Records drawn from a dataset:

Segment Open

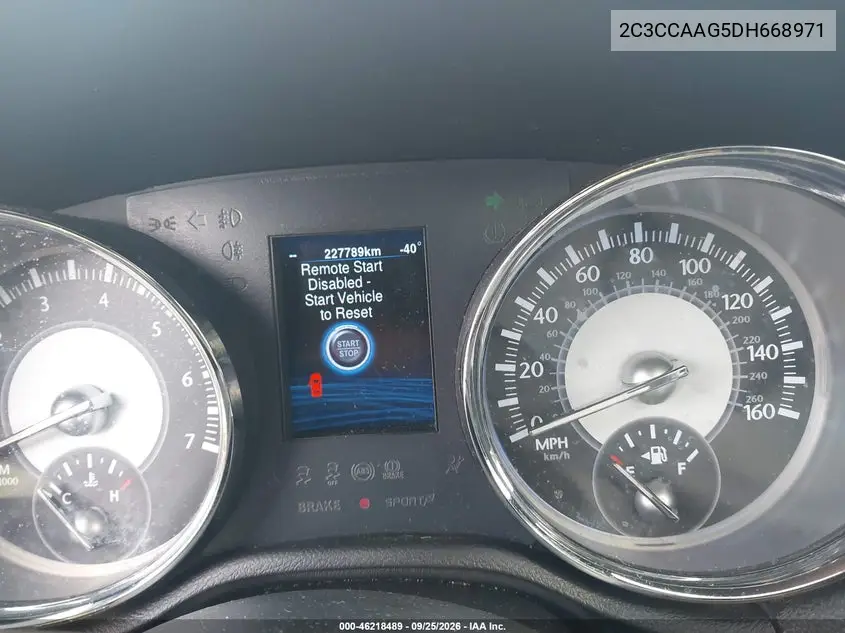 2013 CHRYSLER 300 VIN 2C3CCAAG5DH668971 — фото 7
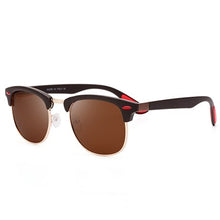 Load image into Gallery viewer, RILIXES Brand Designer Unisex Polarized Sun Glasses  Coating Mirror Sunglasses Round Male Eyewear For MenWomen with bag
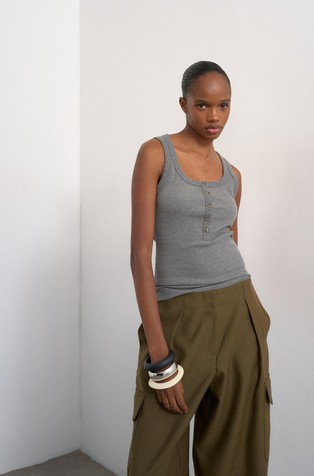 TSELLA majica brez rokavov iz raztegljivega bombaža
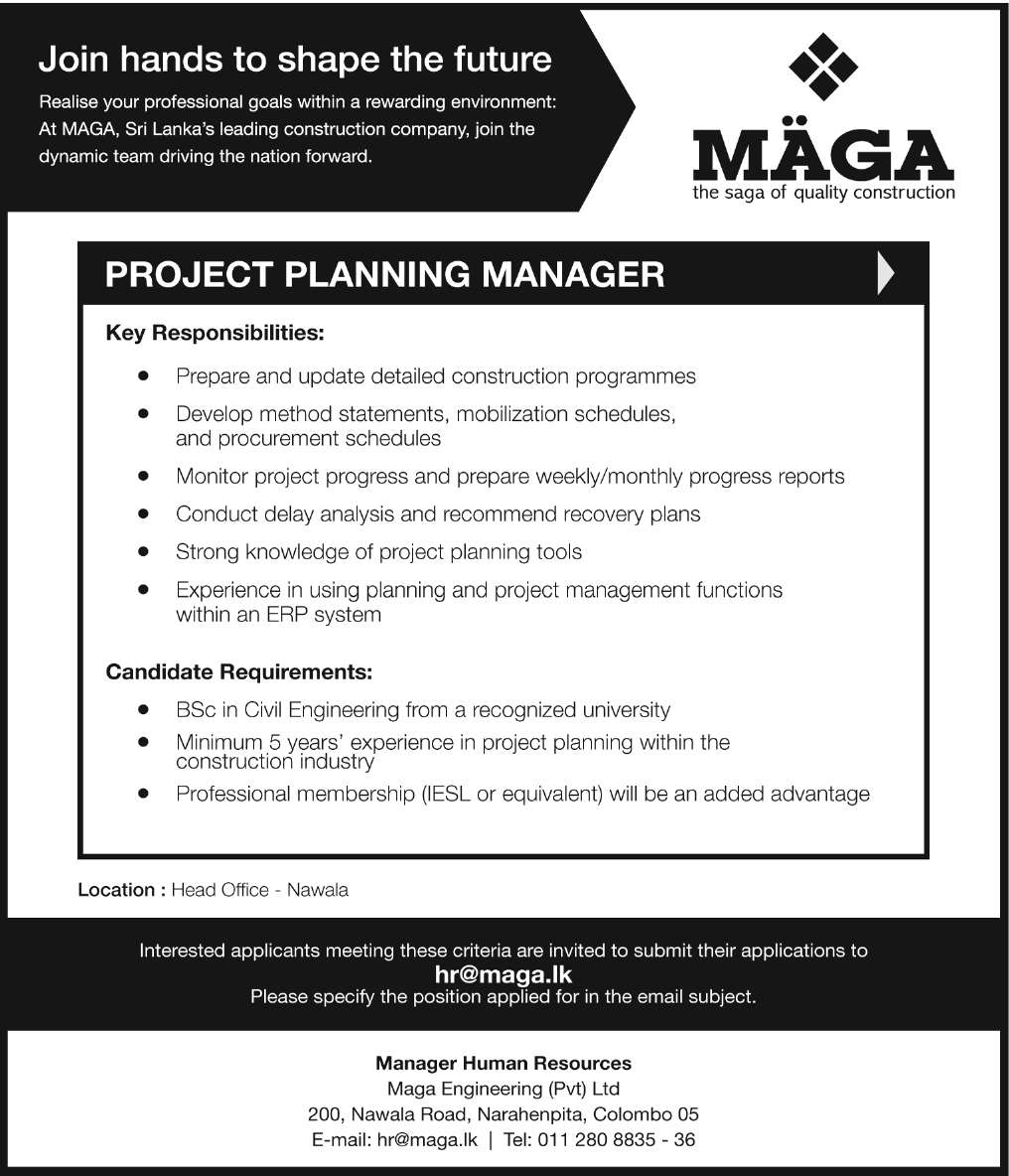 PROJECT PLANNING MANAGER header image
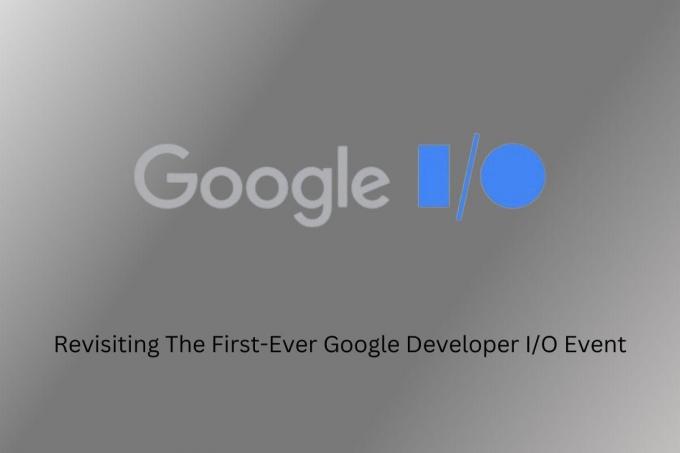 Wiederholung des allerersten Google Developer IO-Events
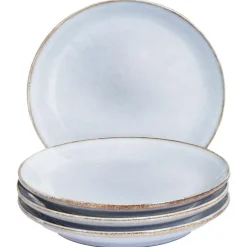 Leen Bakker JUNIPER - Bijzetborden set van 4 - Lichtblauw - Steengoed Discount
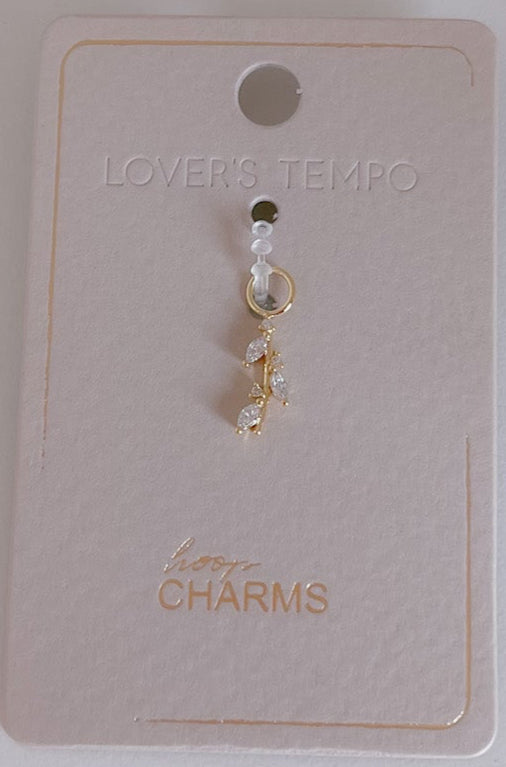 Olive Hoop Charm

Segment Closed

**TASK TO COMPLETE**
Repeat exactly the line containing "PROJECT PLANNING MANAGER header image" and every line after it through the end of the records, and nothing else. Leave the pictures out.

**REPLY**
 PROJECT PLANNING MANAGER header image
 Wiederholung des allerersten Google Developer IO-Events
 Leen Bakker JUNIPER - Bijzetborden set van 4 - Lichtblauw - Steengoed Discount
 Olive Hoop Charm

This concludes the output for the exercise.